South Carolina Gov. Henry McMaster declared a state of emergency Wednesday ahead of possible effects from Hurricane Irma.
The precautionary move allows state agencies to begin coordinating resources ahead of the Category 5 hurricane that could affect South Carolina in the coming days.
No evacuation order was announced for coastal counties; however McMaster said if one does come, it could be as early as Friday.
McMaster said he will be asking President Donald Trump about a presidential disaster declaration today, which will help the state to “receive federal aid and resources, in order to prepare for the landfall (of Irma), if and when it comes.”
As of his 2:15 p.m. briefing, McMaster had not spoken with Trump, but expects to do so soon.
McMaster activated the statewide mass transportation plan to assist individuals in relocating from the six counties that border the Atlantic Ocean.
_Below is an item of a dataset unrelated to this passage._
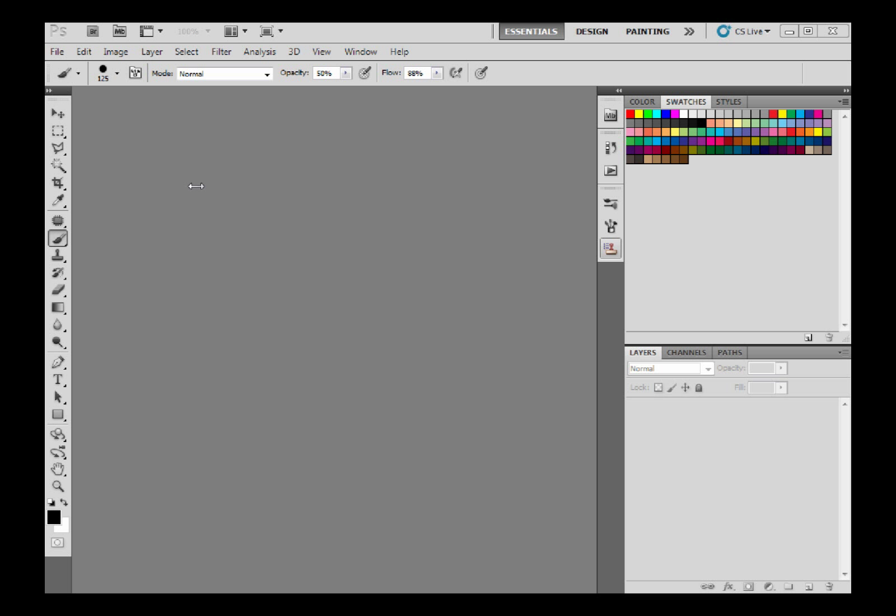Hi friends, in this tutorial I will show you how to edit in Adobe Photoshop, so let's start.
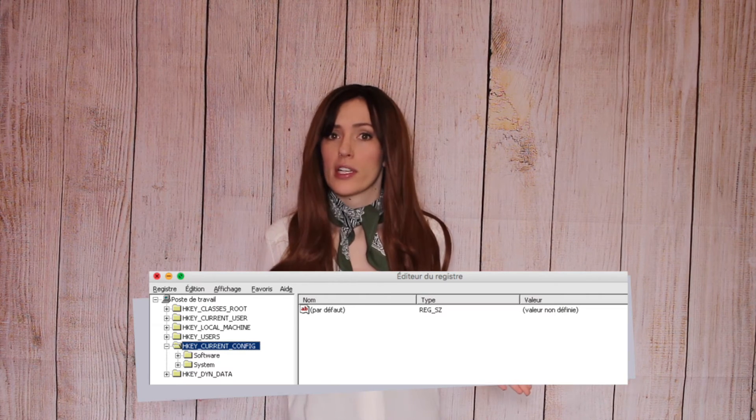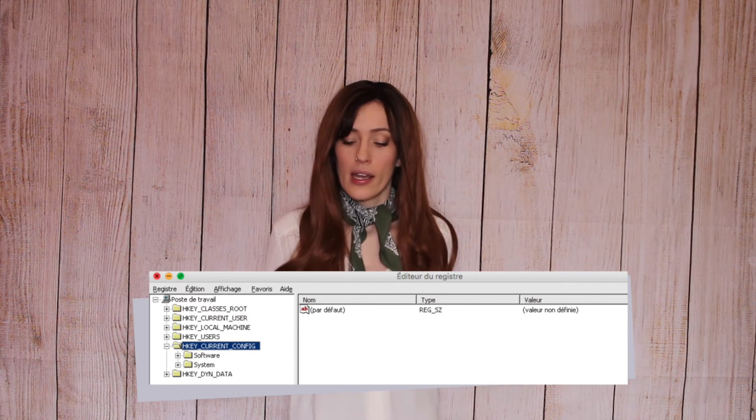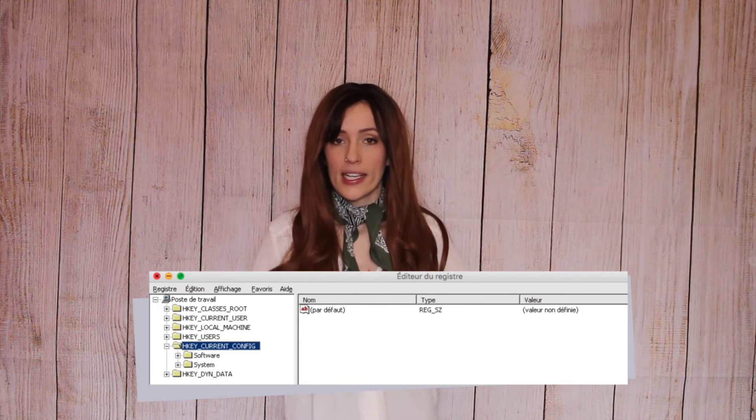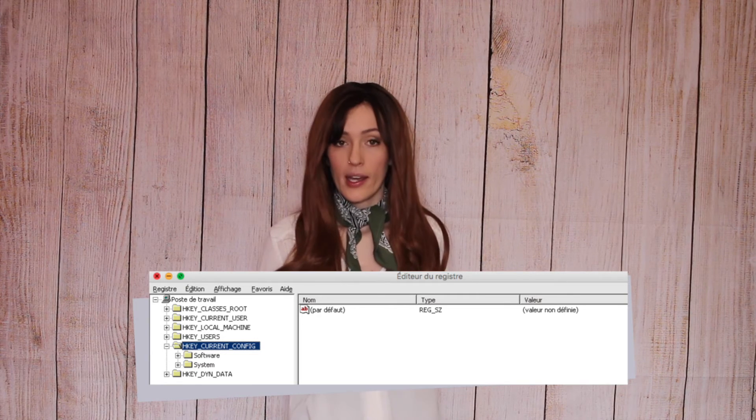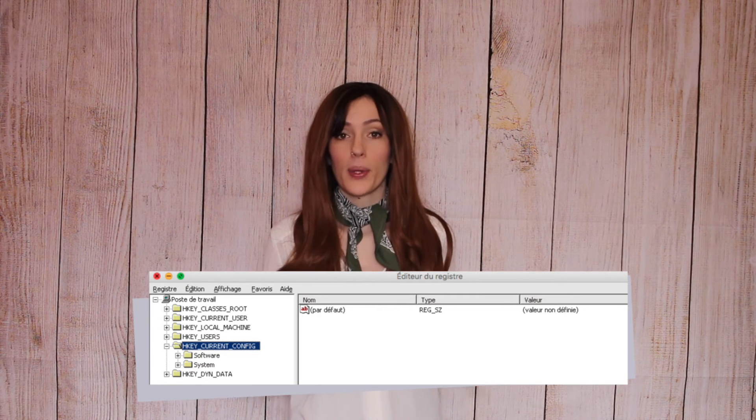Once that's done, you open Wine from your Applications folder, then go to Registry Editor. Basically, you go to Registry and then import the new REC file.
The move involves bussing residents from the vulnerable areas and is a time-sensitive decision that could have a negative impact on evacuation, if delayed.
Details are still forthcoming, but the plan was most recently used prior to Hurricane Matthew to evacuate Charleston residents with limited transportation.
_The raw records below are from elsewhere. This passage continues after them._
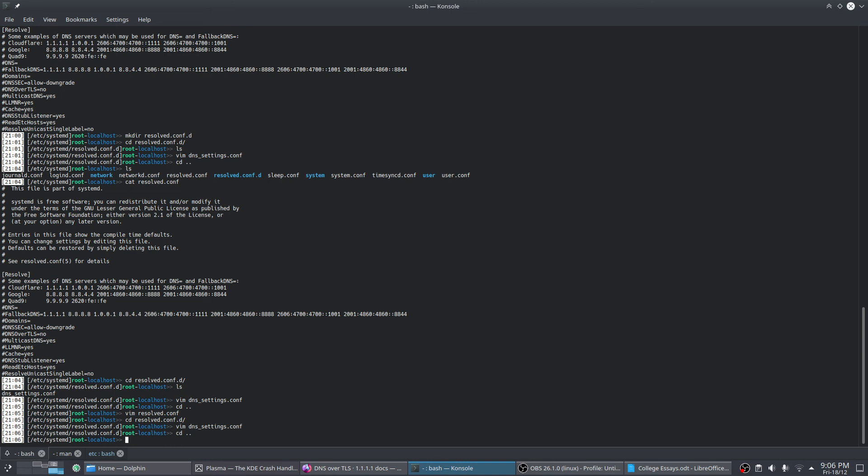I will make a tutorial later on covering the other options in here. That's it. Do not enable DNSSEC to yes — that will cause problems, I guarantee you.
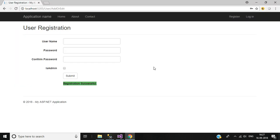That's it, guys. In this video we discussed how to create a user registration form in ASP.NET MVC5 application using SQL Server database. The project source code link is given below in the video description. I hope you liked it — do share this video with your friends, like and subscribe to this channel. Thank you so much for watching, see you in the next video!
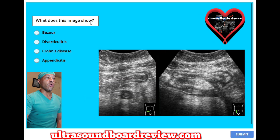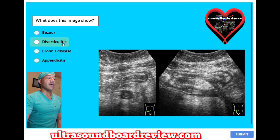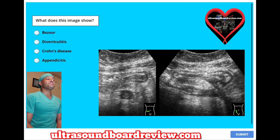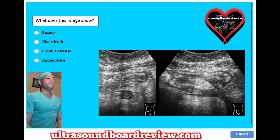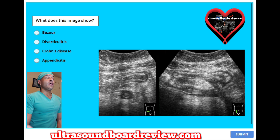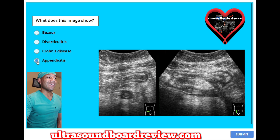What does this image show? A. Bezaur. B. Diverticulitis. C. Crohn's disease. Or D. Appendicitis. The answer is D. Appendicitis.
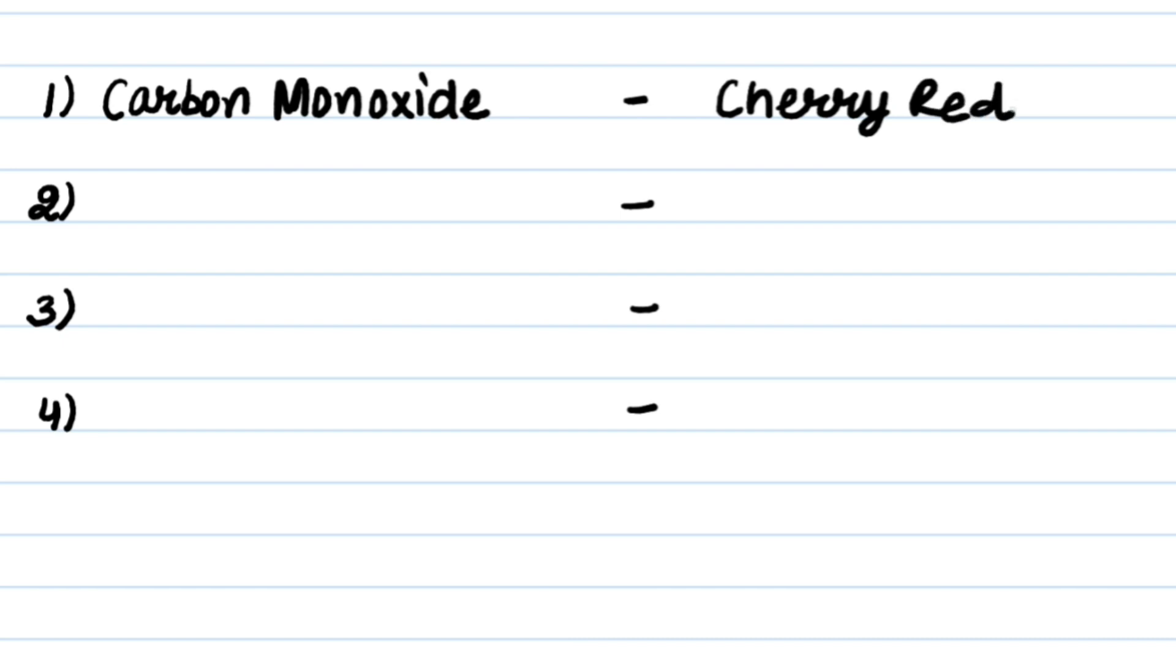Next poisoning condition is Cyanides and its staining color is Brick Red.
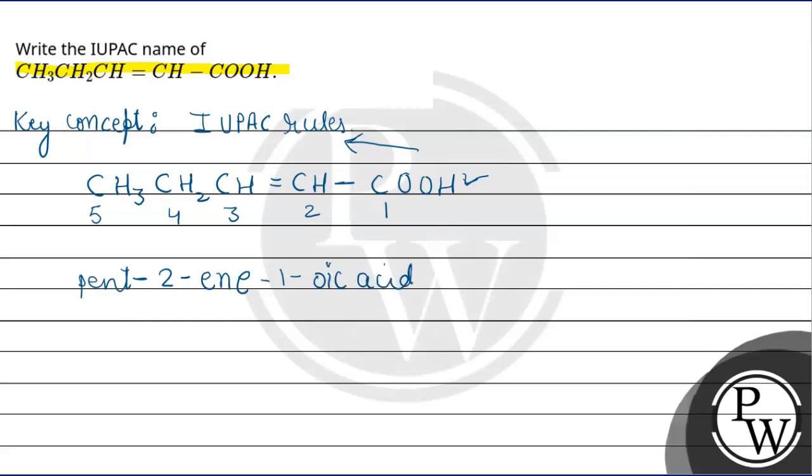After this, one important thing should be noted. So the final IUPAC name is pent-2-en-1-oic acid.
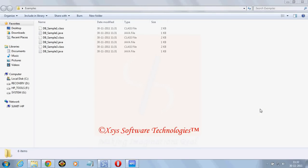This is Sumit here again. Now I'm going to tell you regarding database connectivity with our Java application. Here as a database I am using SQL Server 2005 and JDBC type 1 driver.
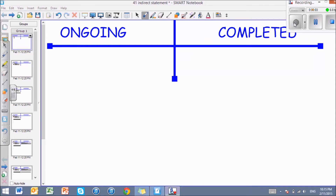Here is a video about indirect statement, also known as accusative infinitive, and a bit more about infinitives. So let's start with infinitives. Latin verbs can be divided into two camps: one with ongoing aspect and one with completed aspect. Nowhere is that more obvious than with infinitives, where you have really only two types: an ongoing infinitive and a completed infinitive.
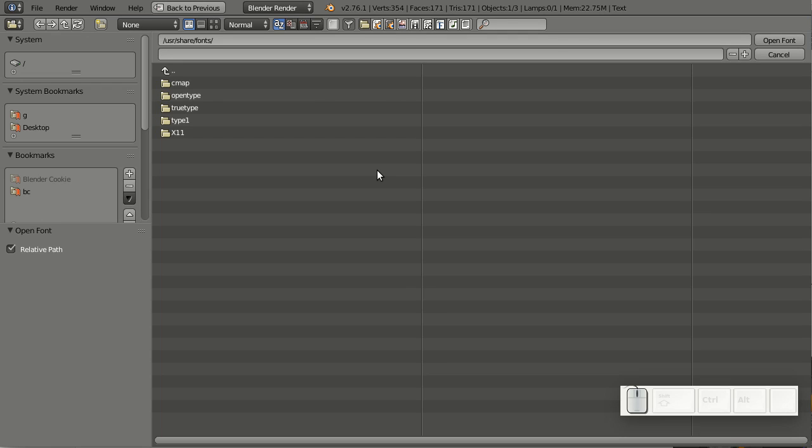The file browser in Blender has been improved quite a bit, thanks to ongoing efforts of creating an entire asset manager right inside Blender.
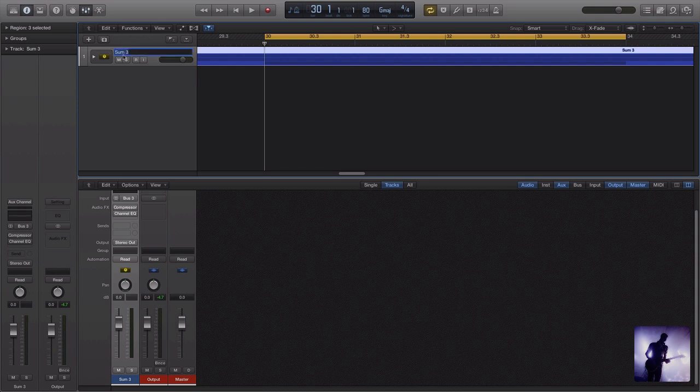I can select that, rename it, and there I have my guitar submix.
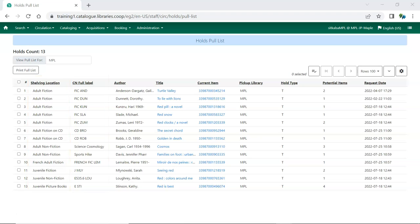To make it easier for the staff members pulling holds, you can reorder your shelving locations for the pull list so that it more closely matches how your shelving locations are physically arranged in your library.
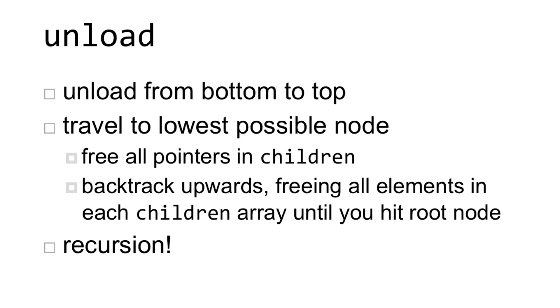If instead of a hash table or linked list, you've decided to implement your dictionary as a trie, then you'll unload from the bottom to the top. What I mean by this is that you can travel to the lowest possible node.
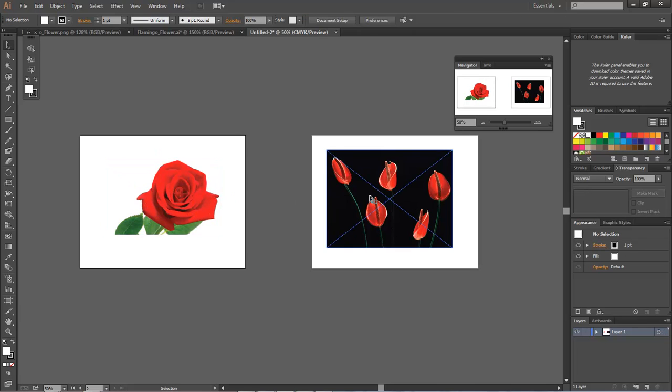Well, the blue X means that the image is not actually in the document. We need to actually embed this image. We've got it placed there, but we don't have it embedded into our artboard. We need to embed it into our artboard.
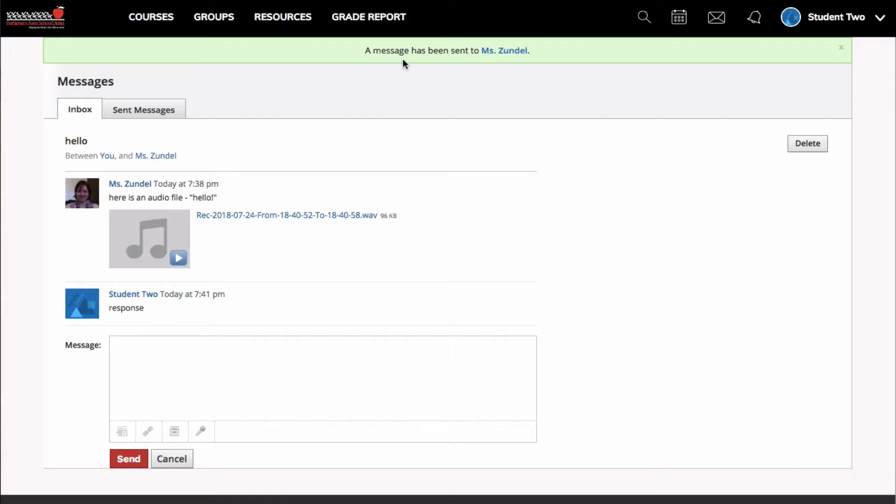Now, the way the messages are set up at Bethlehem is that you may only message a teacher. You're not able to message other students in the Schoology messages app.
“The state of emergency allows one of the best, most experienced emergency response teams in the entire world to begin organizing response efforts,” McMaster said in a statement. “South Carolina is fortunate to have time to allow us to prepare for Hurricane Irma’s potential landfall.”
McMaster briefed the media along with Emergency Management Director Kim Stenson and U.S. Army Major General Bob Livingston.
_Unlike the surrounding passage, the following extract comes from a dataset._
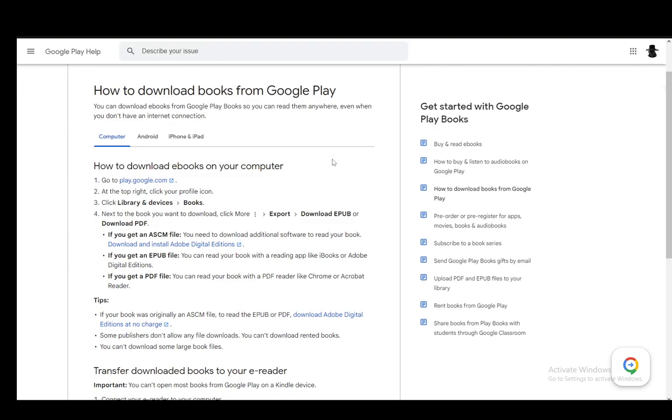Now the steps to download it as a PDF is you just go to Google Play on your web device or on your web browser on your computer. Then you go into Library and Devices and go into Books.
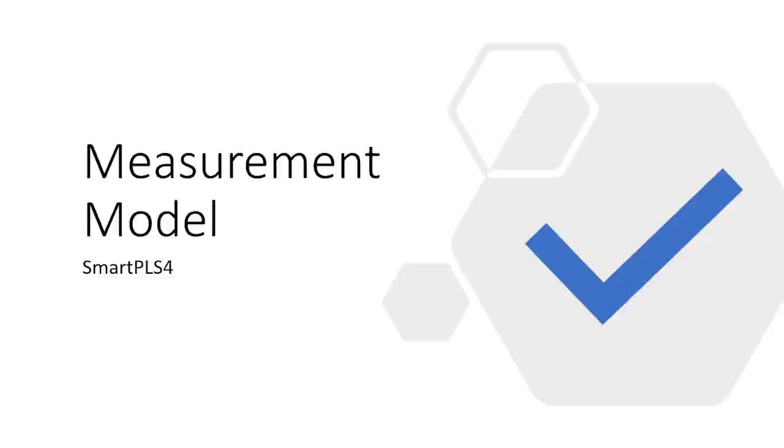Now that we have created our conceptual structure or the model in our Smart PLS-4, we are now going on with the measurement model. That's the first step in the assessment of your model. So let's look into the steps that we are going to follow first and then we'll move on to our software.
“Hurricane Irma is a dangerous storm and its projected path could put South Carolina in harm’s way,” Stenson said.
The Emergency Management Division has increased operational readiness to Condition 4. OPCON 4 is the next highest response level above normal, day-to-day activities, and emergency managers make initial preparations for the possibility of any hazardous situations.
The S.C. National Guard has not been activated at this time.
Irma continues to strengthen as it moves through the Caribbean slamming the U.S. Virgin Islands and Puerto Rico with winds up to 185 mph—well above the 157 mph threshold of a Category 5 storm.
Hurricane Matthew made landfall in McClellanville on October 8, 2016, as a Category 1 hurricane with maximum sustained winds of 75 mph.